The police fatally shot a man in Kannapolis, North Carolina, who had fired an assault weapon inside a Washington, D.C., diner in December 2016, while claiming that he was investigating the “pizzagate”, hoax.
Kannapolis Police stated, “On the night of January 4, Edgar Welch, a passenger in a 2001 GMC Yukon was stopped by police officers.”
Police said that officers conducted the traffic stop after they identified the vehicle as belonging to Welch. Welch was wanted for an arrest warrant at the time.
Police said that when officers recognized Welch, they moved to arrest him. Welch produced a gun from his jacket, pointed it at an officer, and then refused to obey commands to drop it. Two officers then opened fire.

Two days later, police reported that he died from his injuries at a local hospital on January 6.
Police said that the three officers who were involved in the traffic arrest and the other two occupants of Welch’s car were not injured.
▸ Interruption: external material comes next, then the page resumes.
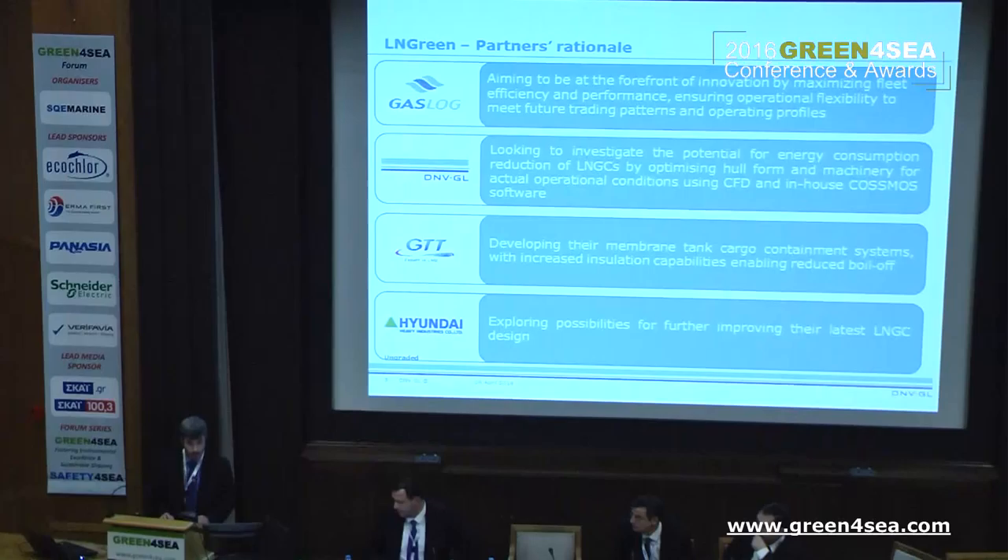Our partners: shipping company and operator GasLog, who provided the user aspects of the project; GTT, the leading containment system manufacturer for LNG carriers; Hyundai, the yard; and ourselves acting as integrators, bringing together all the necessary optimization capabilities in order to produce and arrive at this improved concept design.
The North Carolina State Bureau of Investigation confirmed Welch as the shooter in the “pizzagate”.

Welch shot his gun inside the Comet Ping Pong Restaurant on Dec. 4, 2016. He had driven there from North Carolina to investigate a false conspiracy theory by the far right claiming that Democrats ran a child sex ring at the restaurant. This claim was the source of numerous threats made against the eatery.
Authorities said that after he entered the restaurant, with an AR-15 assault weapon and a revolver in hand, he shot the rifle at a door. The incident did not result in any injuries.
Later, he pleaded guilty to a federal charge of interstate transport of a firearm as well as assault with a deadly weapon. In June 2017, he was sentenced to four years in prison by Supreme Court Justice Ketanji B. Jackson.